В этом мучительном хороводе событий, беспрестанных сцен, вспышек ненависти, а затем раскаянья, вдруг появлявшихся надежд, сменявшихся глухим отчаяньем, откуда — то приходившего успеха моих стихов, которого я даже не мог осознать до конца, и горьких обид, моментально заставлявших о нем забыть — состоялся мой последний — как после оказалось — разговор с Лили: очень буднично — мы встретились на бульваре (она снова была в прежнем — или следует говорить: новом? — своем облике — соблазнительной, хотя уже не первой молодости, барыньки), церемонно — хоть и была она одна — раскланялись, гуляли несколько времени — шуршали палою листвой; затем присели на скамейку.
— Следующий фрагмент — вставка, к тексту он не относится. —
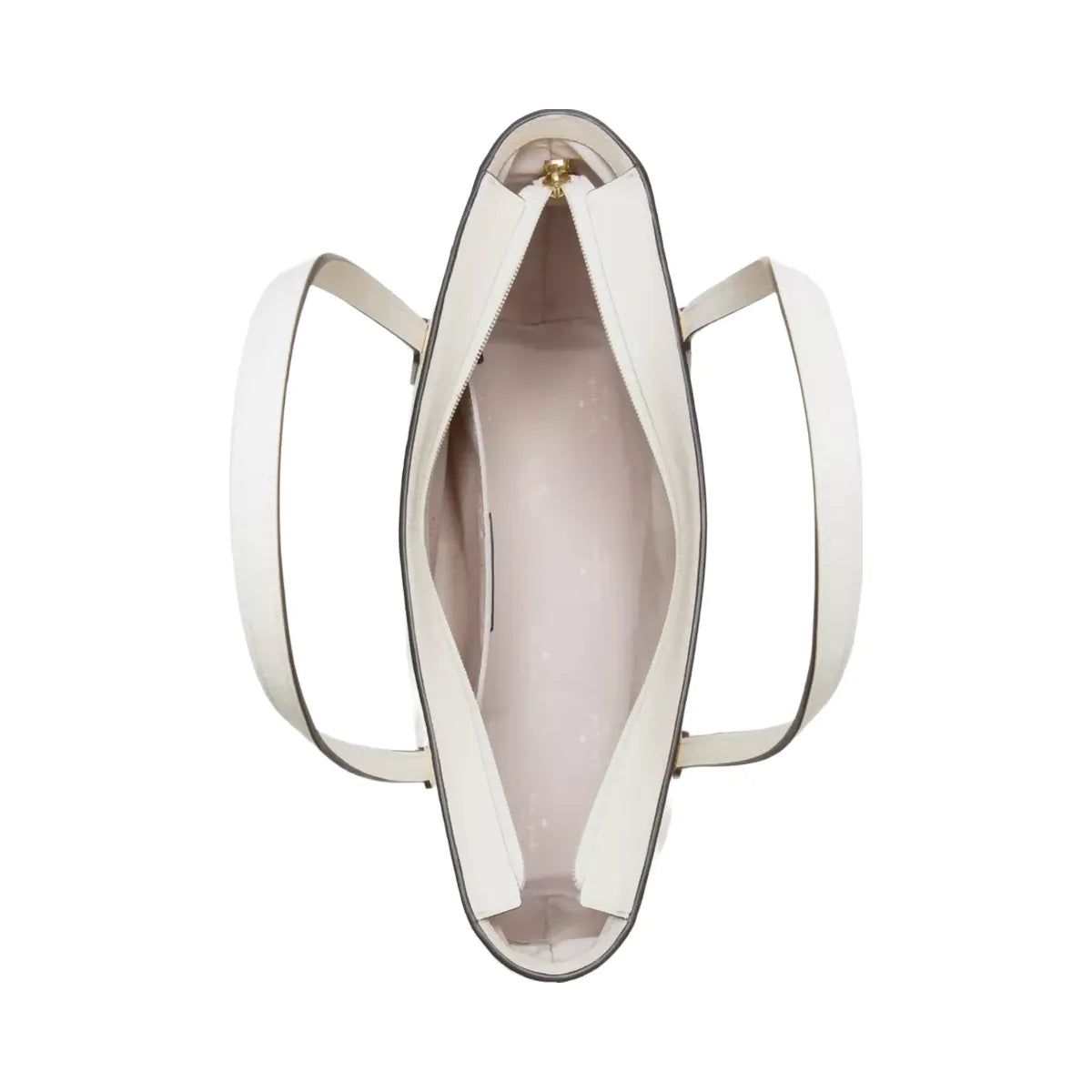 Kate Spade Jana Tote Bag Meringue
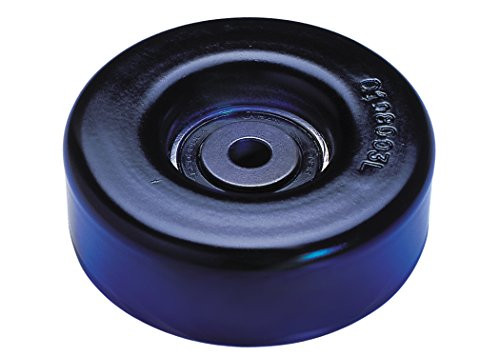 ACDelco 38042 Professional Idler Pulley with 10 mm Bushing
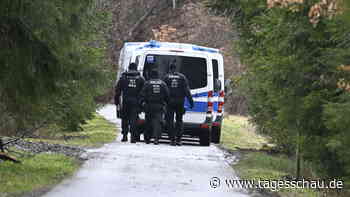 Strafmündigkeit: Wenn Kinder Verbrechen begehen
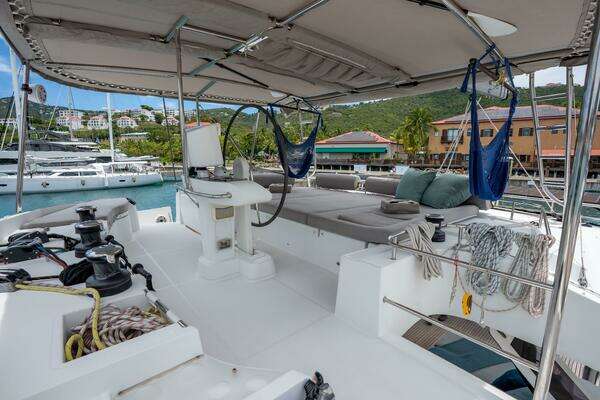 Lagoon  Yacht For Sale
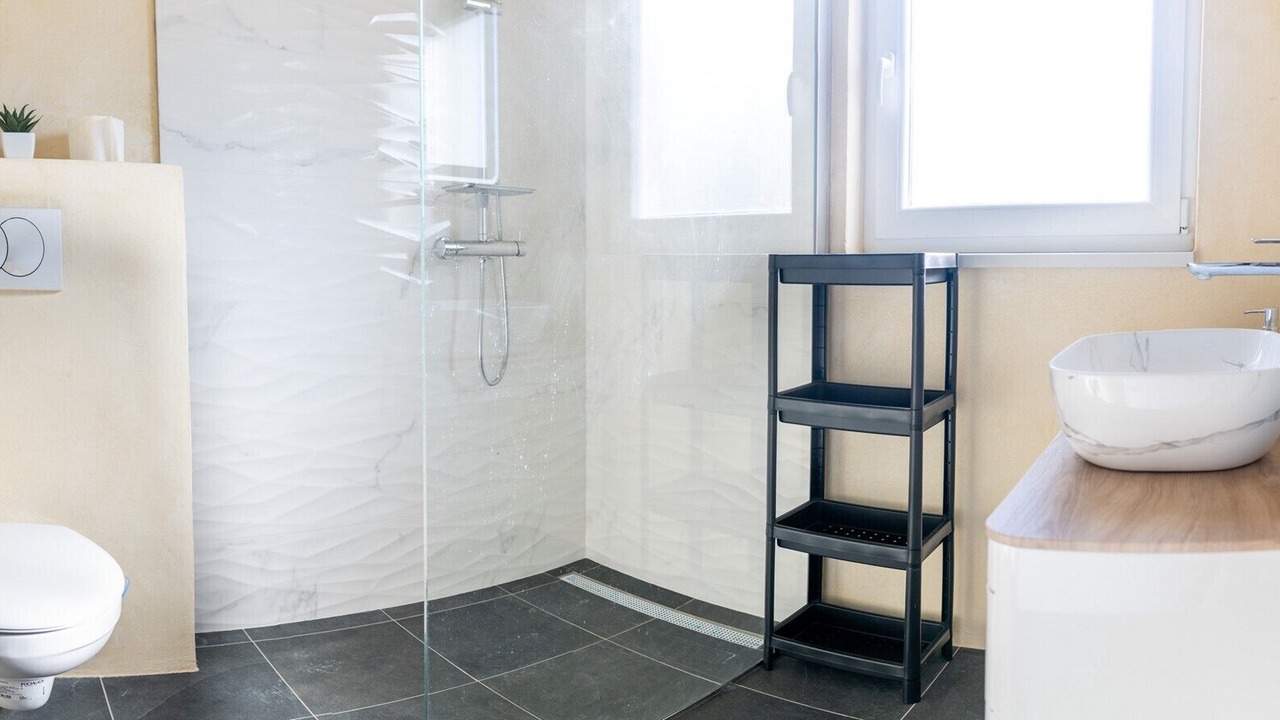 Photo of Bathroom in Sveti Ivan Dobrinjski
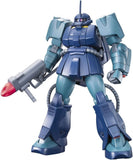 HGUC 1/144 RMS-192M Zaku Mariner (Mobile Suit Gundam ZZ) Model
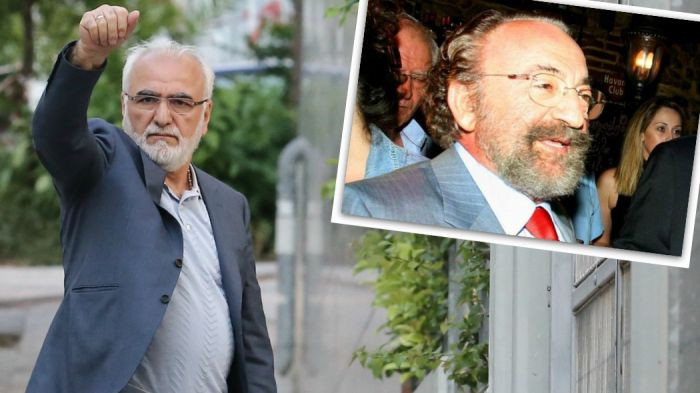 &Tau;&eta;&lambda;&epsilon;&omicron;&pi;&tau;&iota;&kappa;έ&sigmaf; ά&delta;&epsilon;&iota;&epsilon;&sigmaf;: "&Tau;έ&lambda;&omicron;&sigmaf;" &omicron; &Kappa;&alpha;&lambda;&omicron;&gamma;&rho;ί&tau;&sigma;&alpha;&sigmaf; - &Eta; ά&delta;&epsilon;&iota;&alpha; &sigma;&tau;&omicron;&nu; &Sigma;&alpha;&beta;&beta;ί&delta;&eta;;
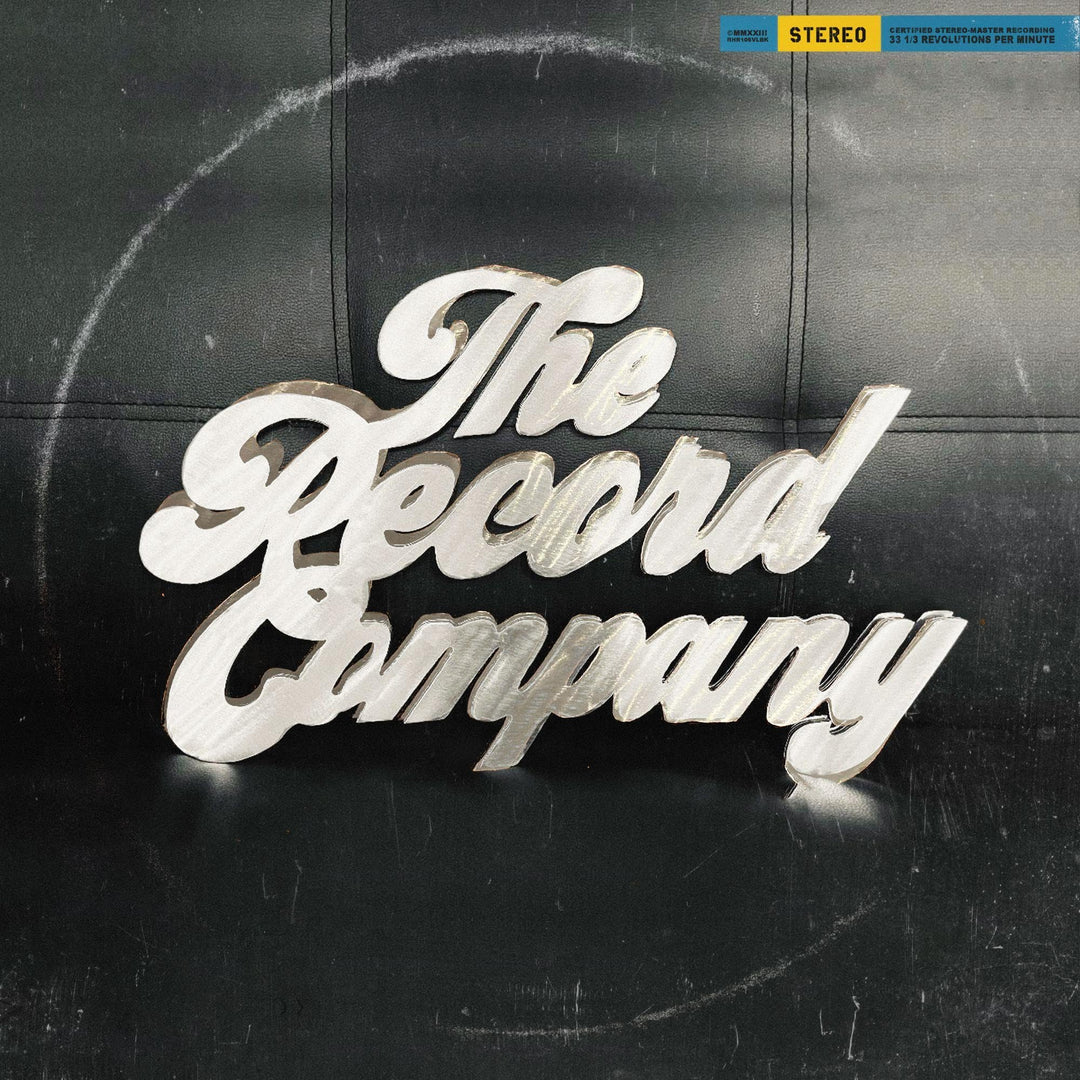 The 4th Album, Vinyl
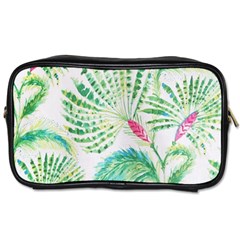  Palm Trees by Traci K Toiletries Bag (One Side)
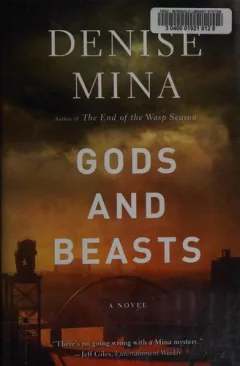 Gods and beasts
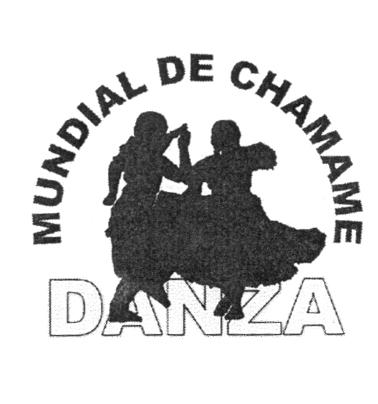 MUNDIAL DE CHAMAME DANZA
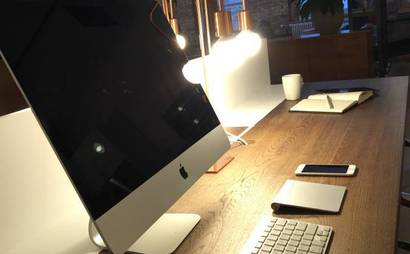 Desks Available in beautiful LOFT office  Desks Available in beautiful LOFT office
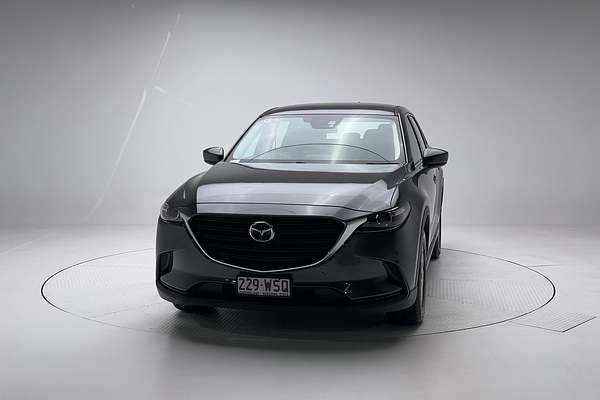 2016 Mazda CX-9 Sport TC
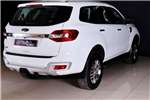  2017 Ford Everest Everest 3.2 XLT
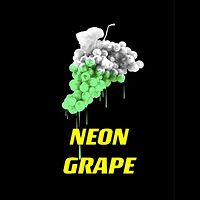 霓虹葡萄-Neon Grape FM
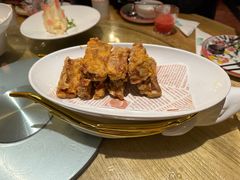 -新白鹿餐厅(爱琴海购物中心店)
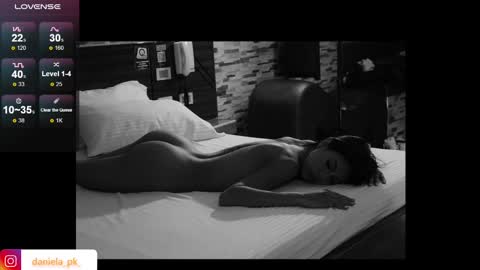 R O X Y  online show from December 23, 2024, 3:29 am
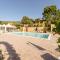 Agriturismo Villa Bracali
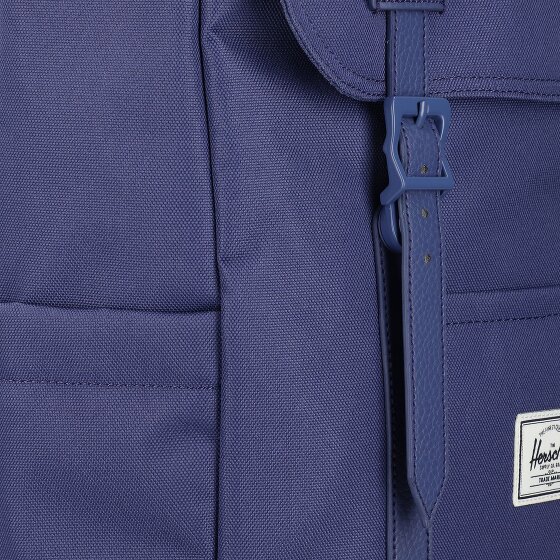 Herschel Retreat Daypack 43 cm Laptopfach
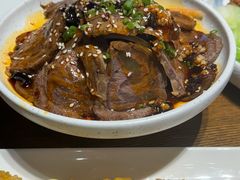 -奕景小馆·地道大连菜(恒隆广场店)
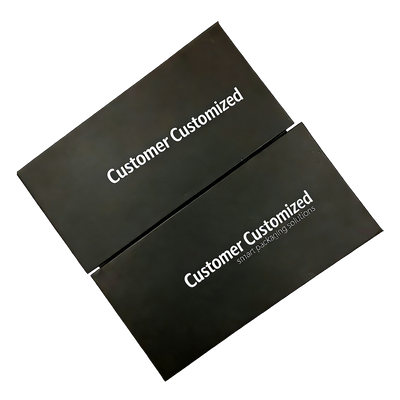Eyelash Boxes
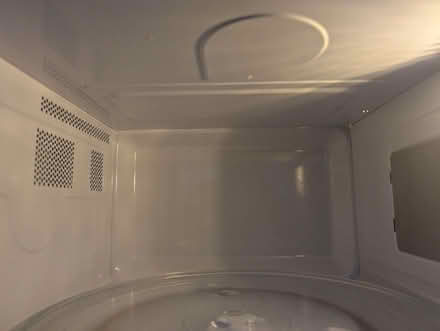 Photo of free White Kenwood Microwave (Erith DA8) #3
— Ты невесел, — обронила Лили.

Боль, скопившаяся у меня в душе за последние месяцы, будто прорвала плотину: я говорил минут двадцать, без перерыва, перескакивая с пятого на десятое, возвращаясь к началу, поминутно удерживая так и норовящие показаться стыдные детские слезы.

Лили слушала, внимательно, не перебивая, но, казалось, не столько жалеет меня — что вполне бы пошло к ее облику — а скорее тревожится все более и более.

— Но ты — должен, — сказала она, когда я закончил, или, лучше сказать, выдохся на полуслове, не окончив фразу, — ты обещал.

— Что — должен? Что — обещал?

— Ну… буквально ты не обещал, конечно, но это в некотором роде следует — ты все равно должен как — то разрешить это положение.

— Боже, Лили, я отдал бы, руку, или глаз, чтобы как — то его разрешить, но — как? Что — ты скажешь, будто можешь научить — как это сделать?

— Разумеется, могу: ну… послушай, просто дай ты ей то, чего она хочет — это будто бы всегда неплохо у тебя получалось?

— Лили, я три тысячи, а может, больше лет во многих, ты знаешь, мирах нес слово — Любви. Я встал под ее знамена, если уж говорить романтически и высокопарно — даже не будучи того достоин по своему происхождению, а теперь должен вывалять их в грязи обычной похоти? Это все равно, что рыцарь, давший клятву хранить дочь своего ушедшего в поход сюзерена, в первую же ночь лишит ее девственности… Пусть даже и с ее согласия…

— Кстати, так часто и происходило, — заметила Лили. — Но почему так трагически — в этом есть много приятного, и в конце концов…

— Ты не поняла? — Я — не — могу.

— О, — вероятно, даже не отдавая себе в том отчета, Лили выразительно посмотрела мне ниже пояса, — это действительно плохо, — и тревога выплеснулась из ее глаз и уже ощутимым облаком окутала нас; она надолго умолкла.

Мимо нас прошла целая процессия чинно держащихся за руки мальчиков лет шести, в теплых матросских костюмчиках, почему — то с красными флажками в руках.

— Я просто не могу, — повторил я, когда они, сопровождаемые бонной, прошли, — мне приходится лгать ей, выдумывать всякую чушь… О, это невыносимо… Но я совершенно бессилен пред нею — ты же знаешь, кто она…

— Конечно знаю, — ответила Лили, — она моя мать.